Some translators and critics take the latter way out, translating cadentia as “fading” or “receding.” J. W. Mackail, in “Notes on Aeneid VIII” (The Classical Review 32.5/6, September 1918), writes:
Much confusion would have been saved, here and elsewhere, by realising that surgere and cadere as used of the stars by Virgil have not only their astronomical meaning of rising and setting, but that of appearance and disappearance with the end and beginning of daylight. Cadere may in such passages be translated “to pale,” and surgere “to shine out.” Thus the cadentia sidera of Aen. II.9 and IV.81 are the paling stars. […] Compare Milton’s
The stars grow high,
But night sits monarch yet in the mid sky;where there is a different image for the same phenomenon, the fading or paling of the stars before dawn being pictured — which is what in fact it looks like — as their retreat to a greater distance.
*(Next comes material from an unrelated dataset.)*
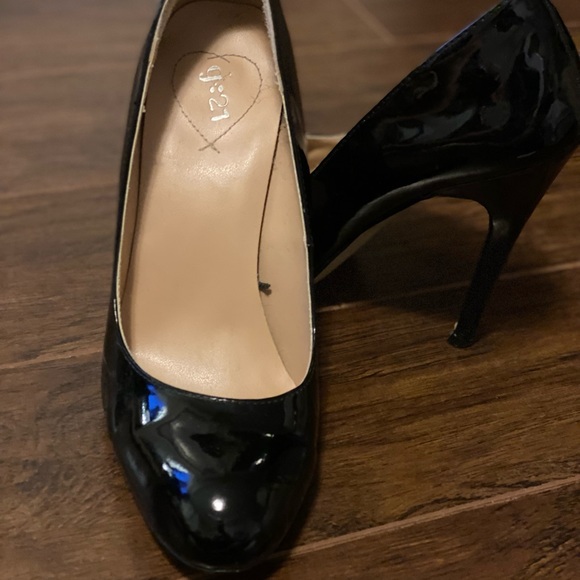 Black Patent Stilettos size 8 - Picture 2 of 3
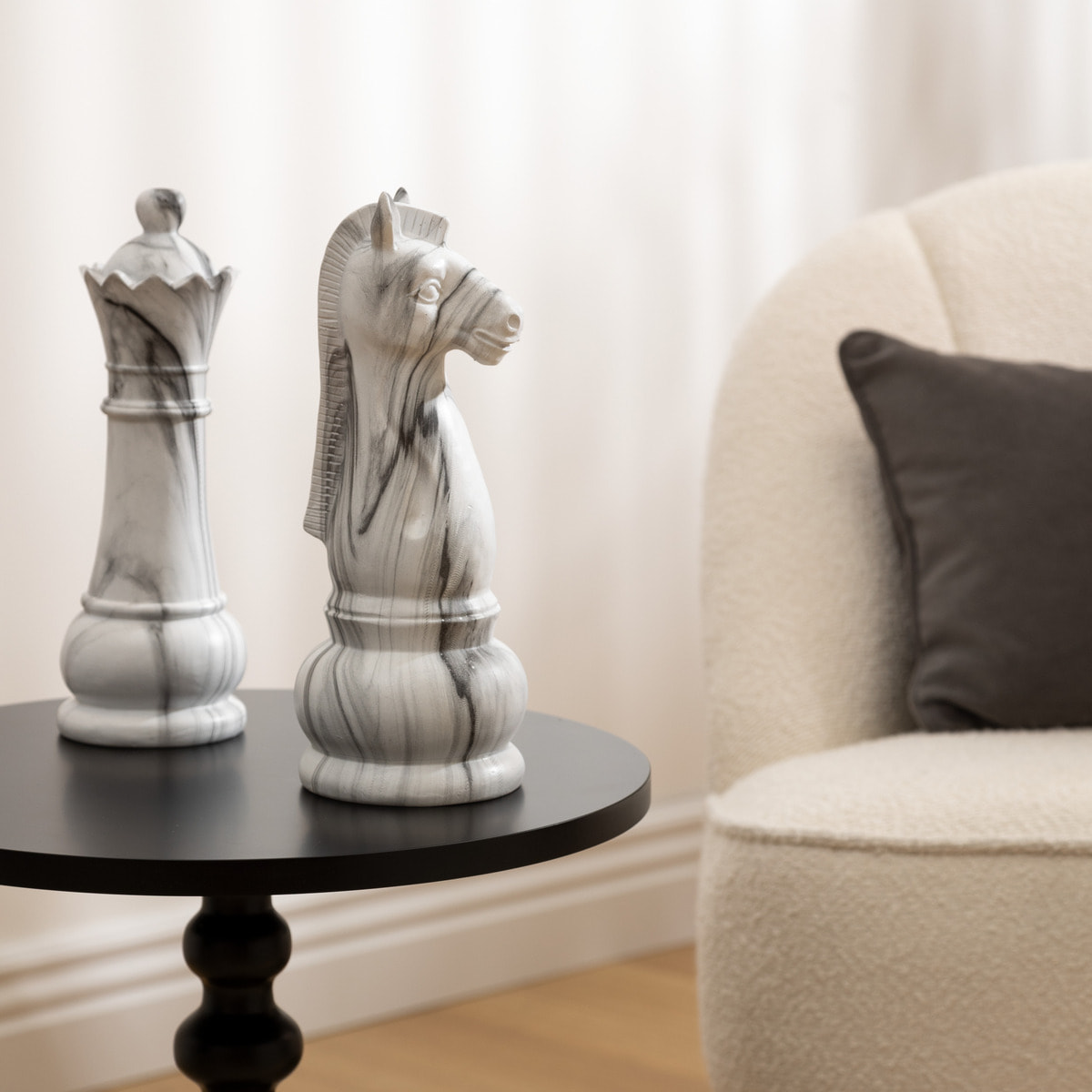 Déco à poser pièces d échec "Olen" gris H26,5cm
I can’t speak for Milton, but it’s pretty clear that Virgil isn’t talking about the stars fading at sunrise. Sunrise is the time to wake, not the time to sleep! George Gifford’s “A Note on Dante and Virgil” (Italica 35.2, June 1958) persuasively gives the correct interpretation:
In Inferno VII.98–99, [Dante’s guide] Virgil urges against delay [using] a similar formula:
Già ogni stella cade che saliva / Quando mi mossi,
[“Already sinks each star that was ascending / When I set out”]where the meaning clearly is, “six hours or more of our journey have elapsed; it is now past midnight.” We may infer, therefore, that Dante took Aeneas to mean “it is past midnight.” In this view, the “stars” referred to are the constellations associated with the present season, because they are visible in the earlier hours of darkness, which are normally waking hours. After midnight all of such stars as are visible will be setting in the west, or will at least have passed the zenith. They are in this sense cadentia sidera, wheeling downward in the sky.
Note that the “constellations associated with the present season” are those opposite what we think of as your “star sign.” If you’re born in May you’re “a Taurus,” but that’s because the sun is in Taurus, which means Taurus is invisible — it’s the constellations roughly opposite Taurus that are considered “spring constellations” in the stargazing sense. Ursa Major, for example, peaks in the sky around 10pm tonight, and Virgo around 11pm. (All seasons and times Northern Hemisphere–specific.) So when Virgo and Ursa Major are “falling,” says Virgil, it’s the right time for sleep.